Nonfiction.fr- L'essai de Raffaele Simone, Le Monstre Doux, semble s'appuyer sur l'analyse de l'emprise exercée par Silvio Berusconi sur la vie politique et médiatique en Italie. Cette perspective peut-elle s'appliquer avec pertinence à l'Occident en général, et à la France en particulier ?

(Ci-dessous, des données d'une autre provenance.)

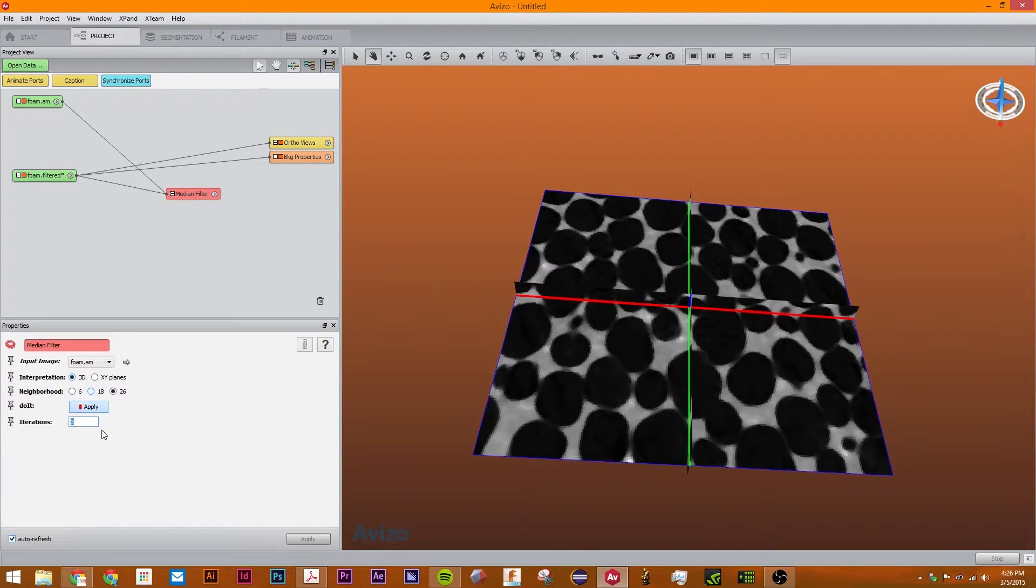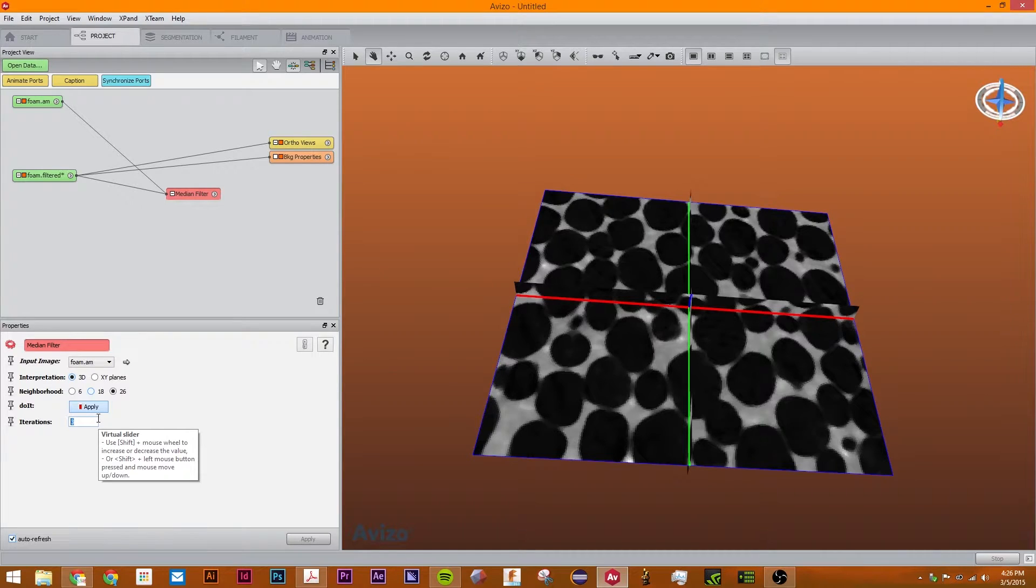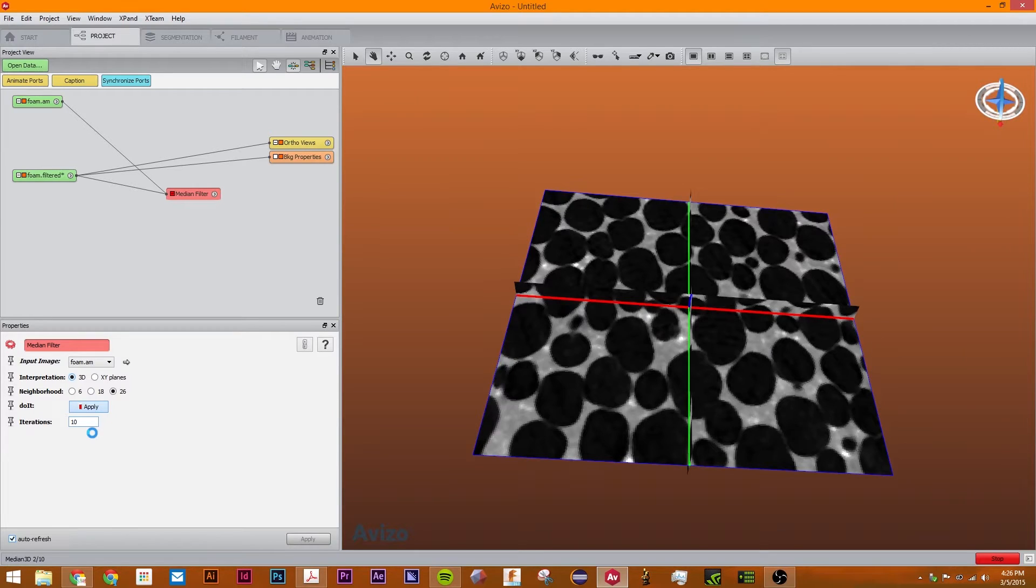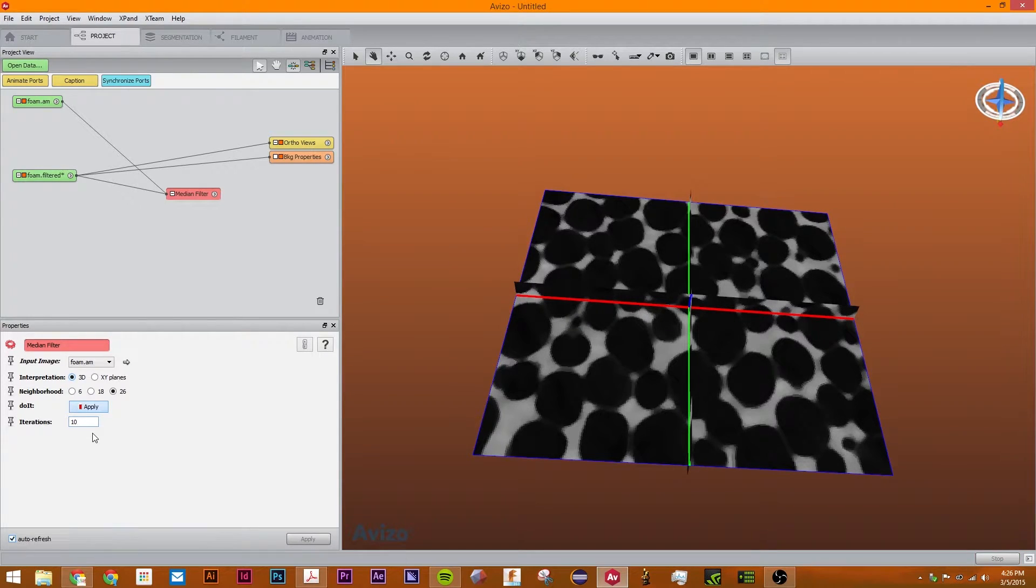You can change the number of iterations so that means how many times it does the median filter. So 1 does little and 10 does much more. Okay. I'm going to leave it at 3.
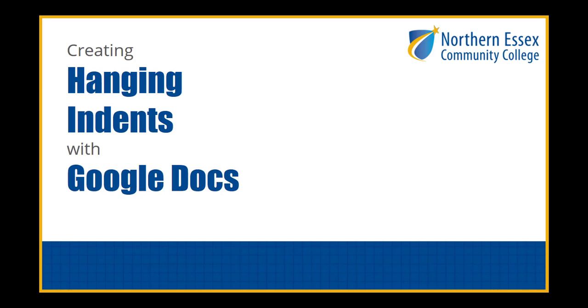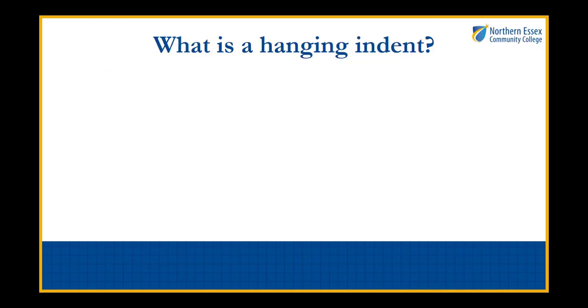Welcome to creating hanging indents with Google Docs by the librarians at NECC. What is a hanging indent?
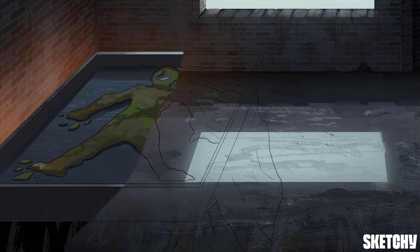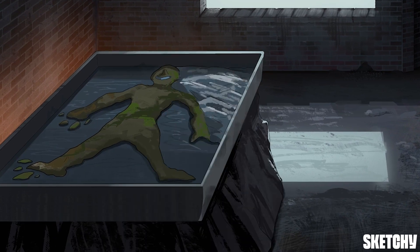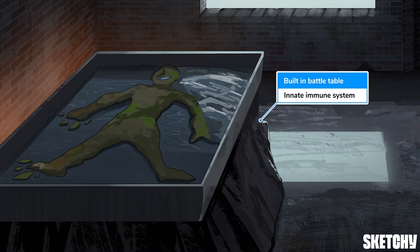We're going to start with the innate immune system, which you might also hear called the non-specific immune system — and that might actually be a better name. The innate immune system is evolutionarily older and, more importantly, it's always present in the body, always turned on and ready to attack. We've symbolized it with this table that's built into the war room — that table never goes away, it's always there ready for battle planning.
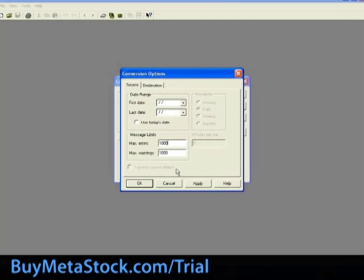Traverse source folders when checked, the downloader will look to see if there are any subfolders of the parent folder that contain data files to convert. In this case, the parent folder is c colon metastock data.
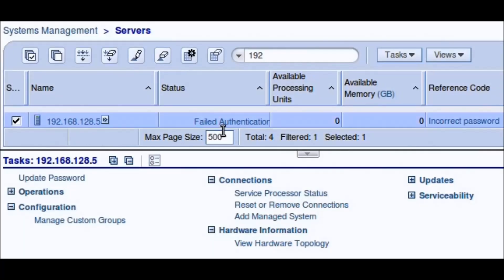This is what you'll see from the HMC if you're in this situation — your managed system will be in a failed authentication status with a reference code of incorrect password. Now, if you have the admin ASMI password, all you need to do is launch ASMI, login as admin, and reset your HMC access password. But if you don't have the admin password, the HMC access password, or IBM support to get the CE login password, then keep watching — I'll show you how to reset the service processor passwords from a hardware perspective.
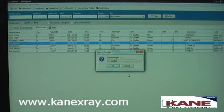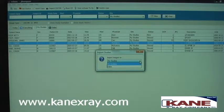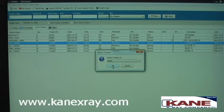It will also ask you where you'd like to import those studies to, which can either be My Studies, which is the local workstation, or to your server, and hit OK. It will import those studies directly to your server.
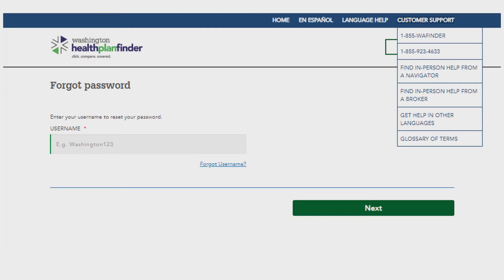The password needs to be eight characters, a mix of uppercase, lowercase, a number, and a special character.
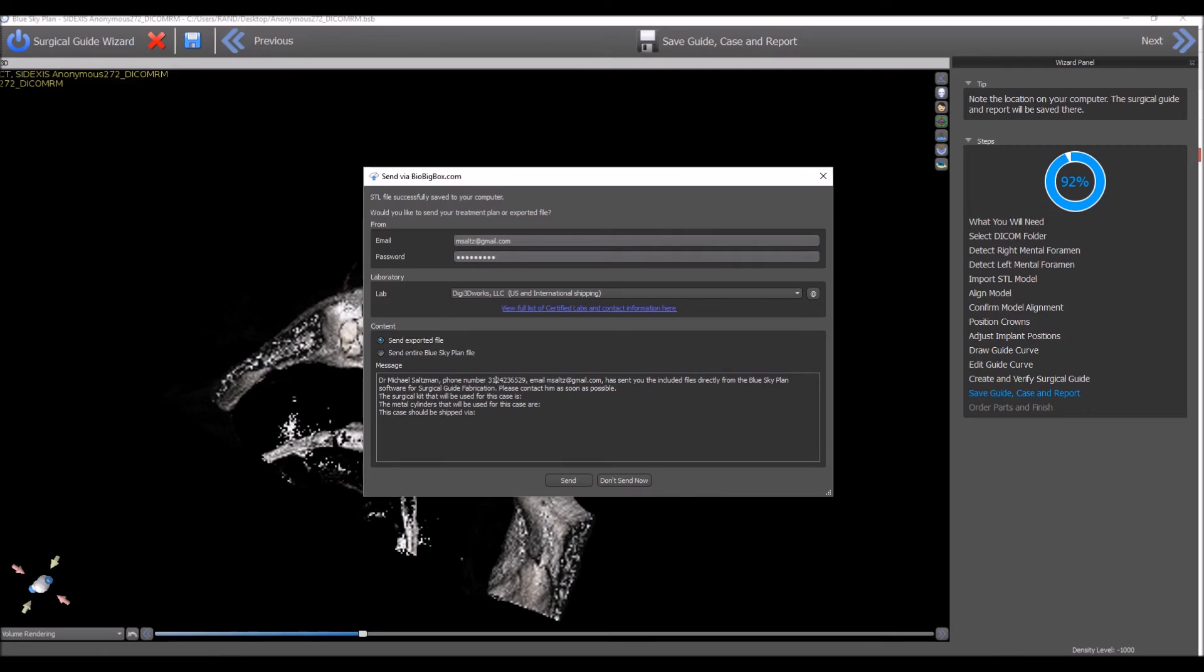You should also include information regarding the surgical guide that you're going to be using, the metal cylinders, and shipping information. Just go ahead and type that information into the message box as well.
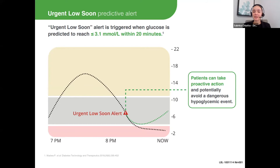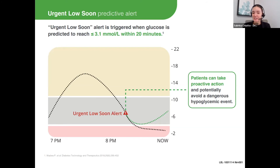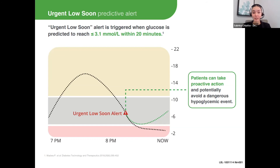Let's talk through an example. This patient's glucose is rising and then beginning to fall rapidly. Urgent Low Soon is letting them know in advance. In this example, the patient is getting an alert at about 6 millimoles per liter that they're headed towards 3.1 and will be there in 20 minutes. They're able to take action in advance, hopefully get some carbs into them, and prevent that low from ever occurring.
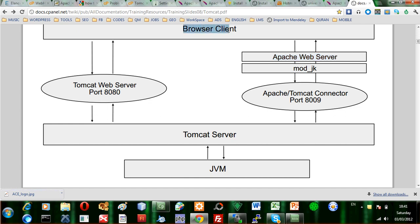This is the browser client. So the browser client directly interfaces with the Apache web server. The Apache web server is an HTTP server and it's not a servlet server. The Tomcat server is called a servlet server.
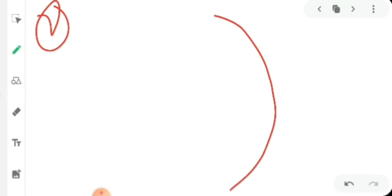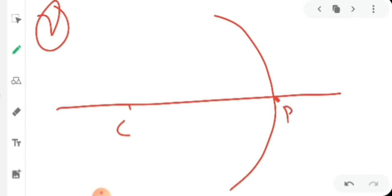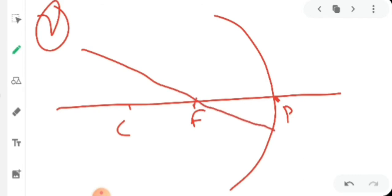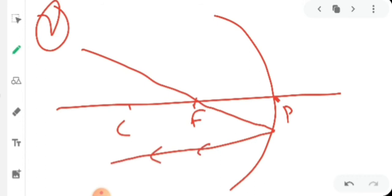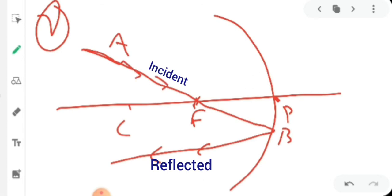This is our first rule. For the second rule, we draw another diagram. This is a spherical mirror with its center, pole, and principal axis. The focus is marked here. The second rule states: when the incident ray passes through the focus, the reflected ray is parallel to the principal axis.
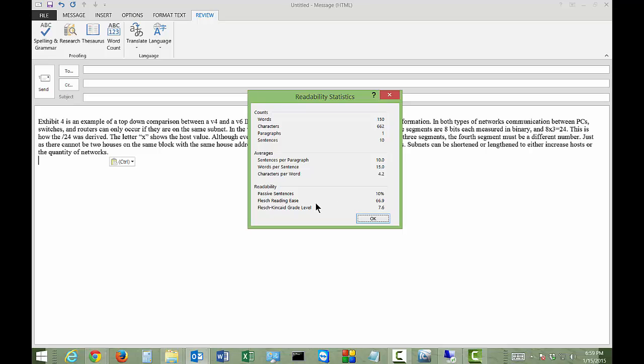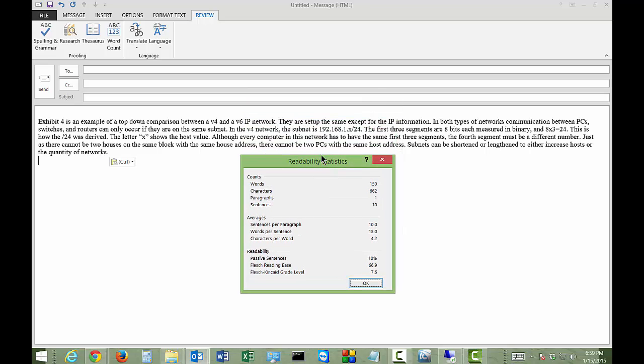These give you a good idea of the readability of your document. Now my document is highly technical, so it's likely that Microsoft did not read it properly. But in most cases, if it's just a letter to someone, you're going to get a good idea of the quality and readability of that email. This also works in Microsoft Word as well.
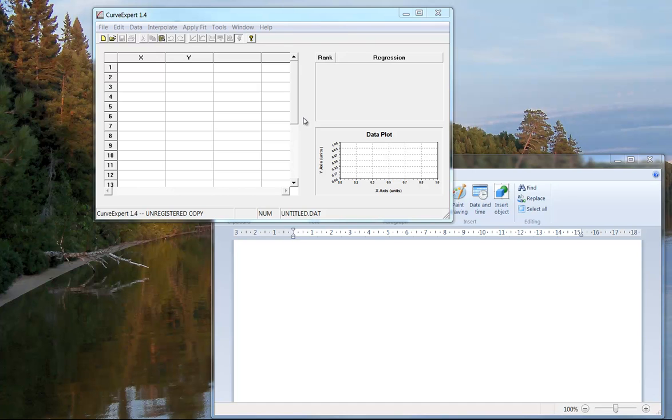The purpose of this video is to show how to use a curve fitting software called Curve Expert. There are different versions. I'm going to talk about the basic version, called version 1.4 or the basic version.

Marc Lazar- Raffaele Simone a en effet tendance à généraliser ce qui se déroule en Italie depuis que Silvio Berlusconi s’est lancé en politique en 1994. Je lui donne raison sur ce point. Comme lui, je m’oppose à tous ceux qui, en Italie ou ailleurs, considèrent que les trois victoires électorales de Berlusconi et le "berlusconisme", cette forme d’hégémonie "culturelle et politique" reposant sur plusieurs groupes sociaux aux intérêts antagoniques agrégés par Il Cavaliere, administrent la preuve irréfutable de l’existence d’ "une anomalie italienne". Sans nier les indéniables et fortes particularités historiques et politiques de l’Italie, en particulier le conflit d’intérêt qui se noue autour de Berlusconi entre ses affaires privées et ses responsabilités publiques, on peut considérer que l’Italie est affectée, selon des modalités spécifiques bien évidemment, par des transformations politiques, sociales et culturelles d’envergure aisément repérables dans d’autres pays européens, et notamment en France. Par exemple, les métamorphoses de nos démocraties tiraillées entre des mouvements contradictoires : d’un côté, l’émergence de la démocratie du public, pour parler comme Bernard Manin, avec la présidentialisation, la personnalisation et la médiatisation accélérées de la vie publique, la désaffection envers les institutions, le rejet de la classe politique, la poussée des populismes ; de l’autre, les tentatives brouillonnes de revitalisation de la démocratie libérale et représentative et la gestation incertaine de formes de la démocratie participative. De même, toutes nos sociétés, marquées par l’écroulement des grandes identités de classe, le processus d’individualisation, la dérive des catégories moyennes, la généralisation de la précarité, l’intégration compliquée des immigrés, les tensions intergénérationnelles ou encore la propagation de multiples peurs, rencontrent des difficultés à redéfinir un vivre-ensemble. L’Italie, pour une série de raisons, vit plus intensément et dramatiquement ces mutations. Mais aucun pays européen n’est épargné. En ce sens, elle sert de sismographe qui enregistre la première les secousses telluriques qui ébranlent tout le continent européen.

 

Nonfiction.fr- Raffaele Simone décrit le buonismo comme une pratique politique teintée de principes chrétiens et impérméable à toute culture de la fermeté. Peut-on considérer que la gauche française est impregnée de "buonisme", surtout à la lumière des débats récents sur la réforme des retraites ?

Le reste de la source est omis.